From: Brian Foster <bfoster@redhat.com>
To: Hou Tao <houtao@huaweicloud.com>
Cc: linux-fsdevel@vger.kernel.org, Miklos Szeredi <miklos@szeredi.hu>,
Vivek Goyal <vgoyal@redhat.com>,
Stefan Hajnoczi <stefanha@redhat.com>,
Bernd Schubert <bernd.schubert@fastmail.fm>,
"Michael S . Tsirkin" <mst@redhat.com>,
Matthew Wilcox <willy@infradead.org>,
Benjamin Coddington <bcodding@redhat.com>,
linux-kernel@vger.kernel.org, virtualization@lists.linux.dev,
houtao1@huawei.com
Subject: Re: [PATCH v2 4/6] virtiofs: support bounce buffer backed by scattered pages
Date: Wed, 13 Mar 2024 08:14:44 -0400 [thread overview]

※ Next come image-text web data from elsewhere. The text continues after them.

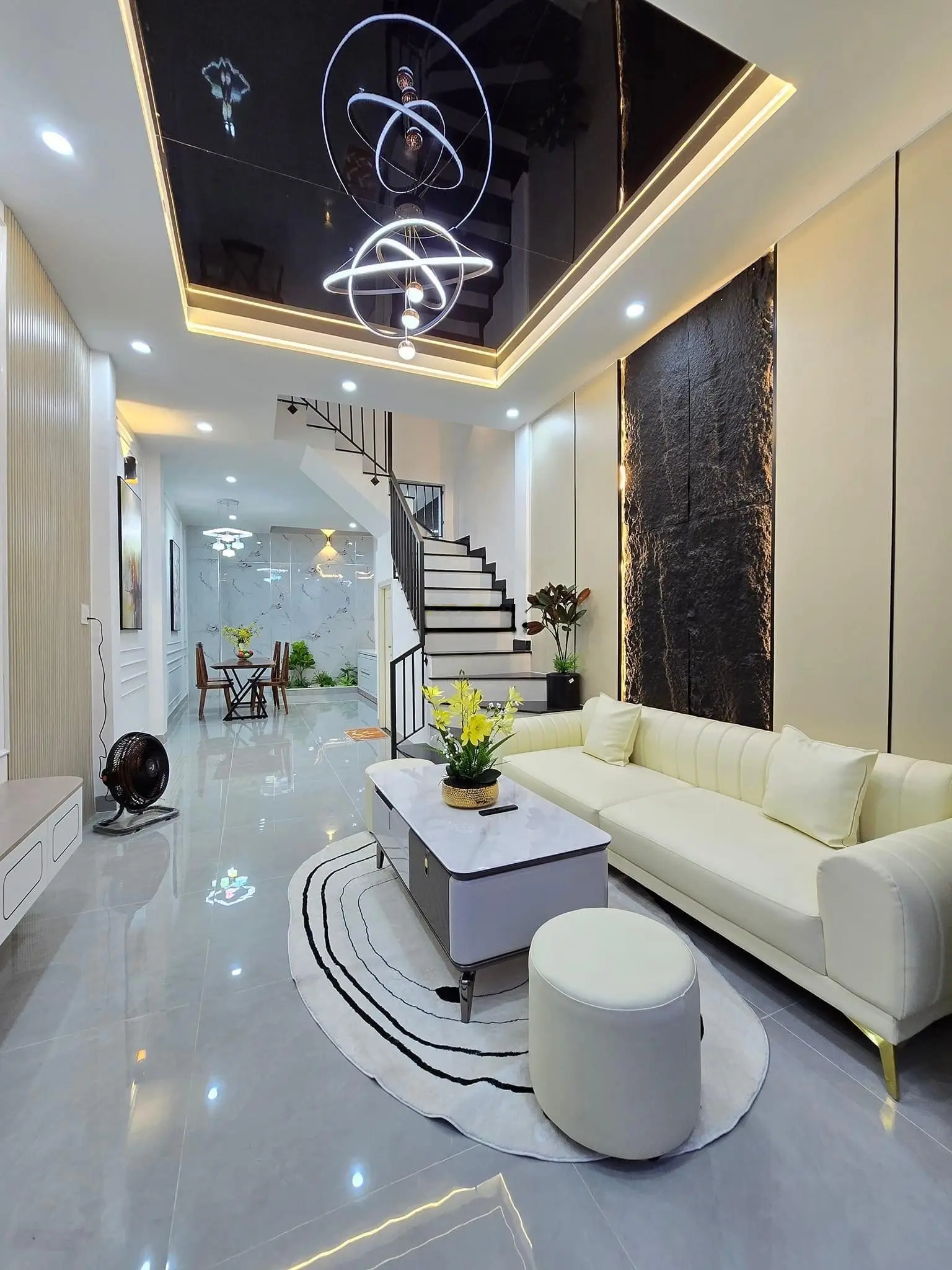BÁN GẤP NHÀ BÌNH CHÁNH đang cho thuê 8tr/tháng DT (55m2) Hẻm 8m Thông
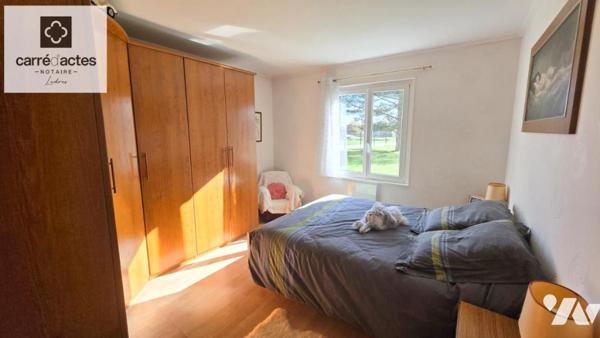 Maison de plain-pied lumineuse – 3 chambres – grand terrain arboré de 3000 m²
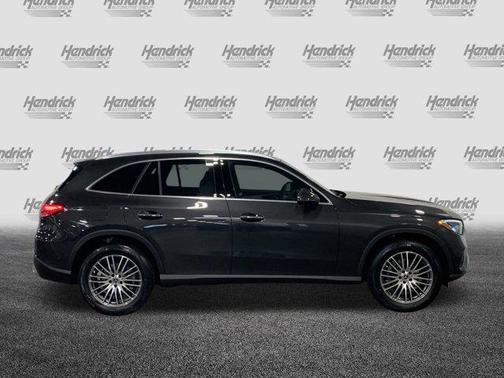 2026 Mercedes-Benz GLC 300 4MATIC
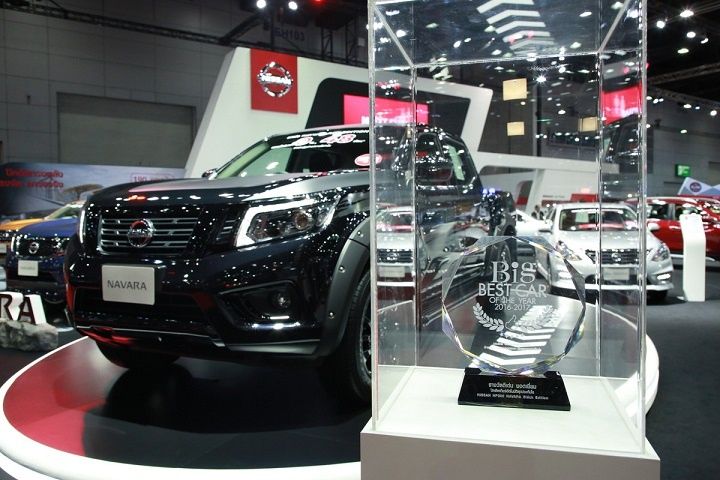 Nissan NP300 Frontier, comercializado en otros países como Nissan Navara, fue uno de los ganadores al reconocimiento de “GRAN Mejor Vehículo del año 2017” en Tailandia.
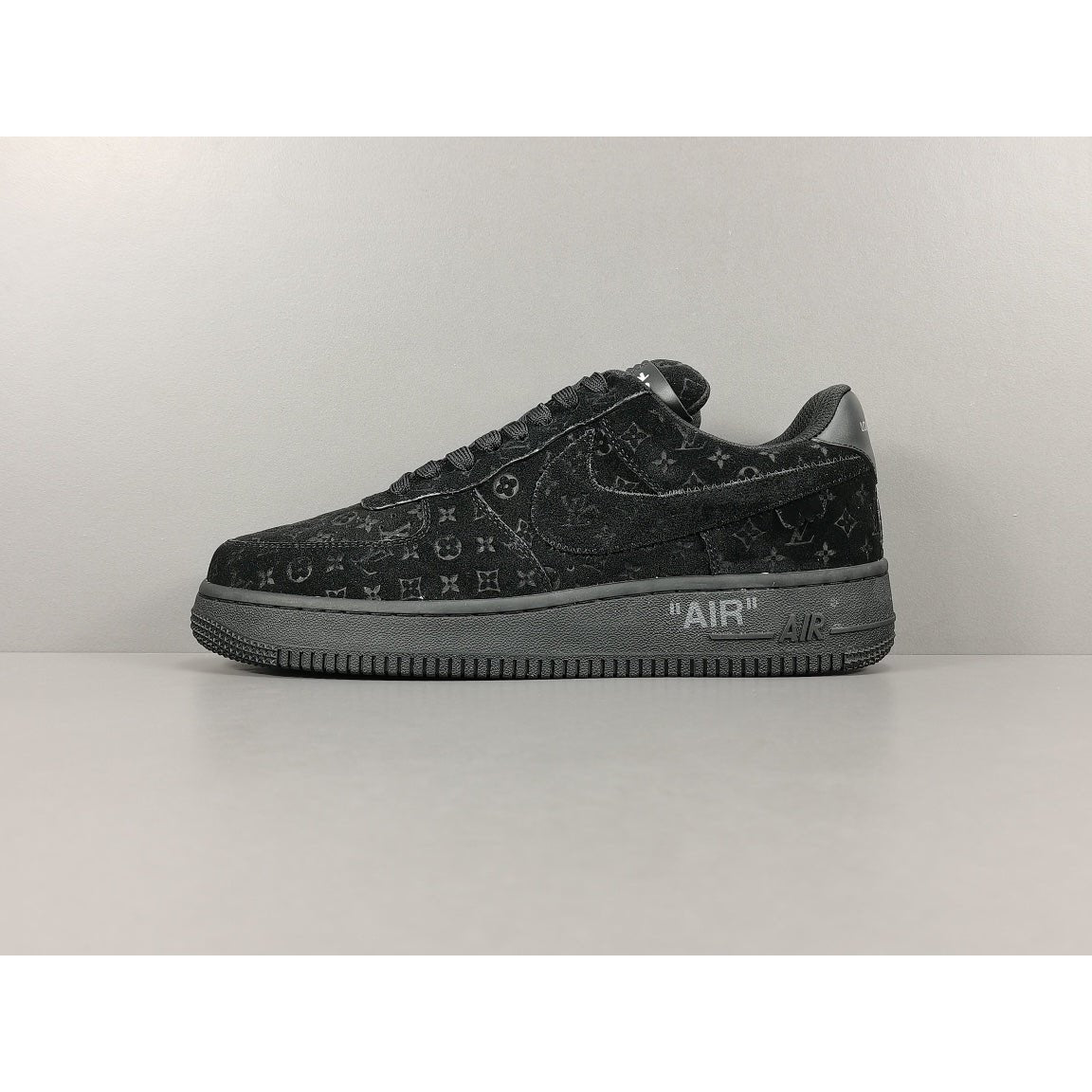 NIKE AIR FORCE 1 x LOUIS VUITTON BLACK/BLACK - Prime Reps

Message-ID: <ZfGYtAq01tPv7BNc@bfoster> (raw)
In-Reply-To: <ef80346a-532a-c394-77f7-ec9f640e5b6f@huaweicloud.com>
On Sat, Mar 09, 2024 at 12:14:23PM +0800, Hou Tao wrote:
> Hi,
>
> On 2/29/2024 11:01 PM, Brian Foster wrote:
> > On Wed, Feb 28, 2024 at 10:41:24PM +0800, Hou Tao wrote:
> >> From: Hou Tao <houtao1@huawei.com>
> >>
> >> When reading a file kept in virtiofs from kernel (e.g., insmod a kernel
> >> module), if the cache of virtiofs is disabled, the read buffer will be
> >> passed to virtiofs through out_args[0].value instead of pages. Because
> >> virtiofs can't get the pages for the read buffer, virtio_fs_argbuf_new()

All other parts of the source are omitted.